Simon Ghraichy.  © Antonin Amy-MenichettiNous rencontrons le pianiste Simon Ghraichy à l'occasion de la sortie de son second disque pour le label Deutsche Grammophon. Le titre de l'album, 33, loin d'être anodin, renvoie à l'interprète par bien des aspects…

 

Tutti-magazine : Deux ans après votre premier disque chez Deutsche Grammophon, le 8 février sort votre second album sous le titre "33". Le rapport à votre âge est donc clairement affiché…

Simon Ghraichy : Si certains interprètes ne communiquent pas volontiers sur leur âge, en ce qui me concerne, je fais très bon ménage avec. Ce n'est après tout qu'un chiffre ! Pour l'anecdote, j'ai oublié de fêter mes 30 ans. Cet anniversaire tombait très peu de temps avant mon premier Carnegie Hall et j'étais tellement happé par la préparation de ce concert et sous le coup d'une telle pression liée à cette échéance que j'avais l'impression que la moitié de mon espérance de vie en été balayée. Heureusement, tout s'est bien passé, et cette impression s'est rapidement estompée. N'en demeure pas moins que je me trouvais à cette époque dans l'œil du cyclone, et lorsque, deux semaines plus tard, j'ai réalisé que j'avais atteint ce chiffre rond, cela ne m'a occasionné aucun effet. Rien !
Mais aujourd'hui, utiliser mon âge actuel comme titre de mon nouveau disque - 33 - est lié à ma volonté de proposer avec sincérité quelque chose de personnel au travers du programme que j'ai choisi. En effet, il n'y a pas une seule pièce non désirée sur cet album et je suis heureux de dire que ce nouveau disque est le fruit d'une démarche entièrement personnelle.

Comment a germé la structure du programme de ce disque ?

Tout est parti de l'Humoreske de Schumann que je jouais déjà à l'âge de 16 ans. J'ai beaucoup vécu avec cette pièce que j'ai laissée, puis reprise, tout au long de ces 17 années. Le deuxième mouvement comporte une voix intérieure, cette "Innere Stimme" que le compositeur a voulue chantée intérieurement par le pianiste. Je ne saurais dire pourquoi cette indication très précise de Schumann me bouleverse à ce point depuis toujours, si ce n'est que j'y perçois une forme de manifestation de la folie du compositeur qui, plus tard, entendra des voix qui lui inspireront ses Variations fantômes.
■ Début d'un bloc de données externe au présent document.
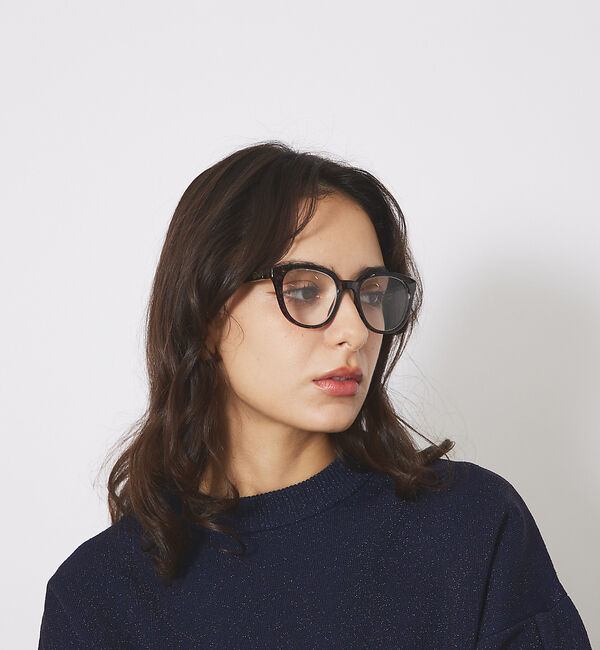 ABAHOUSE「【LE FOON/ルーフォン】 老眼鏡/リーティンググラス/ウェリントン/グラデ」|その他|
Schumann était ce qu'il est convenu d'appeler "un personnage" et, ce qui l'a poussé à écrire noir sur blanc une voix intérieure dans L'Humoreske m'a sans doute incité à partir à la recherche de mes propres voix intérieures. Il se trouve que, dans le cas de cette pièce, Schumann exige de l'interprète qu'il entende une voix intérieure. Mais on peut aussi se demander à quoi pense le pianiste lorsqu'il joue autre chose. Est-il focalisé sur la musique ? Sur le compositeur ? Pense-t-il à la pluie et au beau temps ? Aux drames qu’il a lui-même vécus ?
Telles sont les questions que je me suis posées en opérant un retour sur toutes mes années de piano. Je souhaitais comprendre par ce biais ce qui avait forgé ma vie et m'avait forgé en tant qu'être humain et interprète.

Sur le livret de votre premier disque - "Héritages" - vous posiez avec les mains vous cachant le visage. Pour "33", vous apparaissez le visage totalement dégagé. Doit-on y voir un message ?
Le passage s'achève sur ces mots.